Probably the most significant lossless-compression technique is Lempel-Ziv. What is explained here is LZ78, but LZ77 and other variants work in a similar fashion. The idea in LZ78 is to encode a streaming byte sequence using a dynamic table. At the start of compressing a bit stream, the LZ table is filled with the actual symbol set, along with some blank slots. Various size tables are used, but for our (whitespace-compressed) telephone number example above, let's suppose that we use a 32-entry table (this should be OK for our example, although much too small for most other types of data). First thing, we fill the first ten slots with our alphabet (digits). As new bytes come in, we first output an existing entry that grabs the longest sequence possible, then fill the next available slot with the N+1 length sequence. In the worst case, we are using 5-bits instead of 4-bits for a single symbol, but we'll wind up getting to use 5-bits for multiple symbols in a lot of cases. For example, the machine might do this (a table slot is noted with square brackets):

 7 --> Lookup: 7 found      --> nothing to add   --> keep looking 7 --> Lookup: 77 not found --> add '77' to [11] --> output [7]=00111 2 --> Lookup: 72 not found --> add '72' to [12] --> output [7]=00111 7 --> Lookup: 27 not found --> add '27' to [13] --> output [2]=00010 6 --> Lookup: 76 not found --> add '76' to [14] --> output [7]=00111 2 --> Lookup: 62 not found --> add '62' to [15] --> output [6]=00110 8 --> Lookup: 28 not found --> add '28' to [16] --> output [2]=00010

So far, we've got nothing out of it, but let's continue with the next phone number:

 7 --> Lookup: 87 not found  --> add '87' to [17]  --> output [8]=00100 7 --> Lookup: 77 found      --> nothing to add    --> keep looking 2 --> Lookup: 772 not found --> add '772' to [18] --> output [11]=01011 8 --> Lookup: 28 found      --> nothing to add    --> keep looking 6 --> Lookup: 286 not found --> add '286' to [19] --> output [16]=10000 ...

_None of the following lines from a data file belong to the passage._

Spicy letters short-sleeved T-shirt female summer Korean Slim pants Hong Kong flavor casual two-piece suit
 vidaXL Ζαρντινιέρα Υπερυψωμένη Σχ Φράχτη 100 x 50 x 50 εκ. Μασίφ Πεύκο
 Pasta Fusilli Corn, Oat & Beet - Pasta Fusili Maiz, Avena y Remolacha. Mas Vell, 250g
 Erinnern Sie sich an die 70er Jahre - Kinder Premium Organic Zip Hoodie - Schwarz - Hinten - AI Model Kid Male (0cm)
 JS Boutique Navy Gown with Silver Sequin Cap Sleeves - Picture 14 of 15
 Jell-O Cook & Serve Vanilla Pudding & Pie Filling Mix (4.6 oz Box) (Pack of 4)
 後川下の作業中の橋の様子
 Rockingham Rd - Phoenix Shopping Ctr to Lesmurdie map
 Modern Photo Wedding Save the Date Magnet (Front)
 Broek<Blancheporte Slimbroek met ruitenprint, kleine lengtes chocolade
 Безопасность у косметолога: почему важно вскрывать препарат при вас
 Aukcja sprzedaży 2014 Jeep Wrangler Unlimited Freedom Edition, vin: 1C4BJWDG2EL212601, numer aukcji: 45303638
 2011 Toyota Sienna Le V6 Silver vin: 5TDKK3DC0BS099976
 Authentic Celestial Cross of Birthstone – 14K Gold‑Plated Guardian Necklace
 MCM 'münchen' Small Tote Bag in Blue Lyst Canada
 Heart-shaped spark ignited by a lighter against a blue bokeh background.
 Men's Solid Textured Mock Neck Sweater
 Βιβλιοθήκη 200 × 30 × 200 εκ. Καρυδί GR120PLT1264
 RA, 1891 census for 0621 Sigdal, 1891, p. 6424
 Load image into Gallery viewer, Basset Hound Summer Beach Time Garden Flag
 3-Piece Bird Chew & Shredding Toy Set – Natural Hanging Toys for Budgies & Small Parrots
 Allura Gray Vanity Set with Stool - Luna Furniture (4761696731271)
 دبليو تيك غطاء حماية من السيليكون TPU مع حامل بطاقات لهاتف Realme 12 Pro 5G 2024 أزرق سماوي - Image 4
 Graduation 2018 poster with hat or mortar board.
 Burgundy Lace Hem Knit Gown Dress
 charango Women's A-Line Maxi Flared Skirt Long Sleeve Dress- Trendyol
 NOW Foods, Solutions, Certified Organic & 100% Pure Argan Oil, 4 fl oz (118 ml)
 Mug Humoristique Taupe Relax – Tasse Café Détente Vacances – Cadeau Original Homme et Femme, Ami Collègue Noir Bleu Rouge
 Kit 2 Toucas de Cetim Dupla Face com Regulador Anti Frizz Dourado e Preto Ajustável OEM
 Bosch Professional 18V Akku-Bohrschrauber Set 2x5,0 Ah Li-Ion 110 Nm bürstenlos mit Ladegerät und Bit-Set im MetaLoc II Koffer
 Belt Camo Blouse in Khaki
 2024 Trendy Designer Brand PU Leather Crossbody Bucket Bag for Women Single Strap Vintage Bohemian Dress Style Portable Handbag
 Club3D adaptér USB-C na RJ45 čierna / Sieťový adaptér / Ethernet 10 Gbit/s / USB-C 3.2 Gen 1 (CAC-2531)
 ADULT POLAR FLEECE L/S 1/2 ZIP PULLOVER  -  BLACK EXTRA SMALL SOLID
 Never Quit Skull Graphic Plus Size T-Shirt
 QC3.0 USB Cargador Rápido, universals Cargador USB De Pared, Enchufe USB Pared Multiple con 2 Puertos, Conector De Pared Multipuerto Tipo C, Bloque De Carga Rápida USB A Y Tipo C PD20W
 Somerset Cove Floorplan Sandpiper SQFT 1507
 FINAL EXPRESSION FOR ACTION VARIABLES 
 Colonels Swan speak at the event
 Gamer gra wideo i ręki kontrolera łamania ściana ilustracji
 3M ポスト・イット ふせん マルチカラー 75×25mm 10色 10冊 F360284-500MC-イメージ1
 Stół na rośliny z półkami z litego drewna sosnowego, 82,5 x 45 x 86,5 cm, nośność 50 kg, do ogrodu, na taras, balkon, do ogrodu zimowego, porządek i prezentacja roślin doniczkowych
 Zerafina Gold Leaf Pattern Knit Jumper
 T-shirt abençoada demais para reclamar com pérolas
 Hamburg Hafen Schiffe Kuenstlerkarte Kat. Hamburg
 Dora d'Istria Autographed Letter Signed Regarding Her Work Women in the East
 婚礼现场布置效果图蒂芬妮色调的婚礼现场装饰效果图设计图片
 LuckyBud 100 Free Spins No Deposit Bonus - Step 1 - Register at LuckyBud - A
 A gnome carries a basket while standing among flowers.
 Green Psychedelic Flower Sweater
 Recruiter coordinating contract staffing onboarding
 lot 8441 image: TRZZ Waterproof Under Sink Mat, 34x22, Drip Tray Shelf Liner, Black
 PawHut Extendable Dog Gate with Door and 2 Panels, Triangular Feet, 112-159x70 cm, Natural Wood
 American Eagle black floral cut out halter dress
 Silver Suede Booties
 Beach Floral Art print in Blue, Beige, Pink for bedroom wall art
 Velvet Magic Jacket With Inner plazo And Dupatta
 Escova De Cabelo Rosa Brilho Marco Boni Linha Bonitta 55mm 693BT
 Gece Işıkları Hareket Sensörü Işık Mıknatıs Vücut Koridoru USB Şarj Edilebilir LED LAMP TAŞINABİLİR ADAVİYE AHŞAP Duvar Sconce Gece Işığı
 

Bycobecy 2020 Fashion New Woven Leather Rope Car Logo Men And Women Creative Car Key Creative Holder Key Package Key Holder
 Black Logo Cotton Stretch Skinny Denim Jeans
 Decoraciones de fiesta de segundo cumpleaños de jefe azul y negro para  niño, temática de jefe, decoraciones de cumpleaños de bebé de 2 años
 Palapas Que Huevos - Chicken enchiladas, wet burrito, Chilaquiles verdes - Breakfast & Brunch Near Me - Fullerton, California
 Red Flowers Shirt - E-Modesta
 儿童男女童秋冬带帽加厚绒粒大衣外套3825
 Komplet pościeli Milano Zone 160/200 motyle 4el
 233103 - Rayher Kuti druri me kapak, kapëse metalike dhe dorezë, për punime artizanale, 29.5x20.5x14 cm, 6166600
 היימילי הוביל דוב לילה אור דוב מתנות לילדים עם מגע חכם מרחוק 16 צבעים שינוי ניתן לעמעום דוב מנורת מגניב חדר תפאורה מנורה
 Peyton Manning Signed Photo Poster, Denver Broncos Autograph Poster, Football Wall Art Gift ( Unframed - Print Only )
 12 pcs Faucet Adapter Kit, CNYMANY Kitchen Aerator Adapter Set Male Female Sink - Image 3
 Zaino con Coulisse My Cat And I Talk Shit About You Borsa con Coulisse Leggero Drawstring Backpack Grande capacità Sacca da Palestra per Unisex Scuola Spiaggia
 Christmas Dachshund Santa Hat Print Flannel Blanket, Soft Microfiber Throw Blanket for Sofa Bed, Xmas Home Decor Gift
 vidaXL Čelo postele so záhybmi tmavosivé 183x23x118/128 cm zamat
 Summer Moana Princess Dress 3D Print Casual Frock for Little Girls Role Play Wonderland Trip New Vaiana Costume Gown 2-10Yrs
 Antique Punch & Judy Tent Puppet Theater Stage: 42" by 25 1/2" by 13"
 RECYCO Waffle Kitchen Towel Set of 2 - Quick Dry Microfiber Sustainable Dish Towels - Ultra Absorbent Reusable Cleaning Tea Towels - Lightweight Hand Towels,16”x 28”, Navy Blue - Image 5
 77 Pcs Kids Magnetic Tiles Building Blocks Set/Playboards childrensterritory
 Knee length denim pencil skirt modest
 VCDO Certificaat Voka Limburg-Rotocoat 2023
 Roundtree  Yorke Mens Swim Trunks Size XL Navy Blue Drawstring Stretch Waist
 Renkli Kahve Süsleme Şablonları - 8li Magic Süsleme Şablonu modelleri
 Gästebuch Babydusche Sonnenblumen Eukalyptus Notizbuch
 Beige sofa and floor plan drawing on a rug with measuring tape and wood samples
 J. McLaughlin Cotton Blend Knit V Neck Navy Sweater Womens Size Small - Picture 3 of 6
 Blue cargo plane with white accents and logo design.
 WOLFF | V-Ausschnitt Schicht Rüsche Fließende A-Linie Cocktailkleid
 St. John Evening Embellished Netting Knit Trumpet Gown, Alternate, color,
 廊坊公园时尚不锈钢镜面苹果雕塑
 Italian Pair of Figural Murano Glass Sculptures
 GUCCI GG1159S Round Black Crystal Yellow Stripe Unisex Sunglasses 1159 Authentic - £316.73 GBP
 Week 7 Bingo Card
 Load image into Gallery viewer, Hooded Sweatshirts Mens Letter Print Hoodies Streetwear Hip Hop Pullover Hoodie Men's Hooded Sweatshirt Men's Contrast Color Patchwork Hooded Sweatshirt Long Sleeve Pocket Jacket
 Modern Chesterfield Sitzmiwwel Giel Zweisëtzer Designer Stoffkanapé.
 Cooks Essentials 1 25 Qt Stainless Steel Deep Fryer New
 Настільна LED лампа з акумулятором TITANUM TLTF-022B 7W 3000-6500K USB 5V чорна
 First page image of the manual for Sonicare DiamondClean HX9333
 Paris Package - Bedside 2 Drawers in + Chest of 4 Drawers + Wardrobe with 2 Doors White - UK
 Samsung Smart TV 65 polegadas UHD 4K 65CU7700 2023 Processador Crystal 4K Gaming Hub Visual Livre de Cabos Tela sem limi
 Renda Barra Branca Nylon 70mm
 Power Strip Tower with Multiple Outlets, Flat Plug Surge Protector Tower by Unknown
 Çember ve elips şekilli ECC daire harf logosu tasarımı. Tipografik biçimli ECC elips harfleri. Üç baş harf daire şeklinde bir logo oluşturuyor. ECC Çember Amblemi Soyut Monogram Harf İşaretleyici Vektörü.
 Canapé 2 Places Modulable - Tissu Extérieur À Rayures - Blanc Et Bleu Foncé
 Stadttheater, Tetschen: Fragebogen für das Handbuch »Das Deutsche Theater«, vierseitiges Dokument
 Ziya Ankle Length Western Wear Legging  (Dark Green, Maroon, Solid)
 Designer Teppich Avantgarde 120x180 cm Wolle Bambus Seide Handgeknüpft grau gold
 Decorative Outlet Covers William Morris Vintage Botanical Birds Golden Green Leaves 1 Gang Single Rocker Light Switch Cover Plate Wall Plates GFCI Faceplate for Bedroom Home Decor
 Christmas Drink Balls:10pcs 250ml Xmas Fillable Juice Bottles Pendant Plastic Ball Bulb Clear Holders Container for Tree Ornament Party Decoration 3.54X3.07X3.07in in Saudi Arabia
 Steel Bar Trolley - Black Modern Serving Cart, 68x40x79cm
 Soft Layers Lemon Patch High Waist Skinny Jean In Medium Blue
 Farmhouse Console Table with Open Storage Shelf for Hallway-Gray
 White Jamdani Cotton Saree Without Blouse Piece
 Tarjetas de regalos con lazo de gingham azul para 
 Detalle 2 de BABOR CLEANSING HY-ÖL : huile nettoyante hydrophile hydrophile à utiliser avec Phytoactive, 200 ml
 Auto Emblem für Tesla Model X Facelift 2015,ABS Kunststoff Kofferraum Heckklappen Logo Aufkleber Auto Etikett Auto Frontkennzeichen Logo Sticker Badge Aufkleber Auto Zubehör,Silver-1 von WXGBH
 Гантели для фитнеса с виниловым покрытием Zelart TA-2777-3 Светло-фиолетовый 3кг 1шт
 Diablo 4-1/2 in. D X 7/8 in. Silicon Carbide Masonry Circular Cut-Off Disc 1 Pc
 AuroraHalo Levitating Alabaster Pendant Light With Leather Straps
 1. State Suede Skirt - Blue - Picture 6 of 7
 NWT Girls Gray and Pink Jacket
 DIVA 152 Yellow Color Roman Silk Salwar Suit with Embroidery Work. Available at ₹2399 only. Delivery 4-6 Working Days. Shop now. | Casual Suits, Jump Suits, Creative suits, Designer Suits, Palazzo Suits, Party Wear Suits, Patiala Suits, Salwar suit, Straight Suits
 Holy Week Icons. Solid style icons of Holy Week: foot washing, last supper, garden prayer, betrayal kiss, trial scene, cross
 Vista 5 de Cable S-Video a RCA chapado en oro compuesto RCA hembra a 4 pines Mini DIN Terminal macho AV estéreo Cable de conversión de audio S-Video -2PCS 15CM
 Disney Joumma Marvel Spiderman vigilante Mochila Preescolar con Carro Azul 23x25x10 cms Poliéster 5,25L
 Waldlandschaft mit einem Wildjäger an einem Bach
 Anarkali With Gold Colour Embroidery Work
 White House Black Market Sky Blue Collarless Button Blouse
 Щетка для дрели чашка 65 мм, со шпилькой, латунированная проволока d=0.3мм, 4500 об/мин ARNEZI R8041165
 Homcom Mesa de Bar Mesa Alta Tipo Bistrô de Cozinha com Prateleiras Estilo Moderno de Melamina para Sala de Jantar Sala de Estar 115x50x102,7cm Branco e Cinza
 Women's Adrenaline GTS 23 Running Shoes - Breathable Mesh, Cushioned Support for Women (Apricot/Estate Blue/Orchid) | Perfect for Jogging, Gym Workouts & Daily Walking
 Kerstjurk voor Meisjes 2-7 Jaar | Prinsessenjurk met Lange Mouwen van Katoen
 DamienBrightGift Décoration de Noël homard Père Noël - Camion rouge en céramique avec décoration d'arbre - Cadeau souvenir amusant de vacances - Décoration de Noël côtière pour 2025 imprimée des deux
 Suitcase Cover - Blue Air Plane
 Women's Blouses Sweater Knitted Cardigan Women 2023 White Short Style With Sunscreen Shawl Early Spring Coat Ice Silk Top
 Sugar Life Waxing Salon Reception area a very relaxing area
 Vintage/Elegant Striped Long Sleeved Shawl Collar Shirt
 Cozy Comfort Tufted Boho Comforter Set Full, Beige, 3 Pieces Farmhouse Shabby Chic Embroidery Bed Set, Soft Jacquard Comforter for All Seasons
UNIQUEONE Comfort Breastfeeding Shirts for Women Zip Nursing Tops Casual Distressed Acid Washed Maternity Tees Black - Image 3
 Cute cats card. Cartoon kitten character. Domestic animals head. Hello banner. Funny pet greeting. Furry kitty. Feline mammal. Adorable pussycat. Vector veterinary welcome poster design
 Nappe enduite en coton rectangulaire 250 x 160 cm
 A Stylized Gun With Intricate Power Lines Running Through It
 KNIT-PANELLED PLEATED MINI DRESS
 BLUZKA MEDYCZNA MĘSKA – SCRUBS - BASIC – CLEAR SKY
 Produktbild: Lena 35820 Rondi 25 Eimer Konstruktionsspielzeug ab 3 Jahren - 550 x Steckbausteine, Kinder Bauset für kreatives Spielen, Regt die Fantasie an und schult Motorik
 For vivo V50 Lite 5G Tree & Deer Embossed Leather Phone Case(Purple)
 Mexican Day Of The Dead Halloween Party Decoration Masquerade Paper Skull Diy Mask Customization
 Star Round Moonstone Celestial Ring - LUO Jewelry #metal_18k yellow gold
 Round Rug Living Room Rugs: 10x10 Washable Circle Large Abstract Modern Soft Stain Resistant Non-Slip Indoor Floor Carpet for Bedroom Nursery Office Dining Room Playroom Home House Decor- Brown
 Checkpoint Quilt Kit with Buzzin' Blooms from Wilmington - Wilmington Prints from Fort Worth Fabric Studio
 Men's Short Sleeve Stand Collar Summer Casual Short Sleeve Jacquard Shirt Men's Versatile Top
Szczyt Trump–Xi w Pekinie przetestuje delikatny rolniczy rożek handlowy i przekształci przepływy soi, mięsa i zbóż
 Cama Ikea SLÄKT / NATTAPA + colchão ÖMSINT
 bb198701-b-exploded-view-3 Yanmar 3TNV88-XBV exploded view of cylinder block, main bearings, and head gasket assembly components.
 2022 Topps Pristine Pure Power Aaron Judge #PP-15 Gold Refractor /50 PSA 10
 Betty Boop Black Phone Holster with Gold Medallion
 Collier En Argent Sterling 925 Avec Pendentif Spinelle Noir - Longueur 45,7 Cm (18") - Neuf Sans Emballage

The steps should suffice to see the pattern. We have not achieved any net compression yet, but notice that we've already managed to use slot 11 and slot 16, thereby getting two symbols with one output in each case. We've also accumulated the very useful byte sequence 772 in slot 18, which would prove useful later in the stream.

What LZ78 does is fill up one symbol table with (hopefully) helpful entries, then write it, clear it, and start a new one. In this regard, 32 entries is still probably too small a symbol table, since that will get cleared before a lot of reuse of 772 and the like is achieved. But the small symbol table is easy to illustrate.

In typical data sets, Lempel-Ziv variants achieve much better compression rates than Huffman or RLE. On the other hand, Lempel-Ziv variants are very pricey cycle-wise and can use large tables in memory. Most real-life compression tools and libraries use a combination of Lempel-Ziv and Huffman techniques.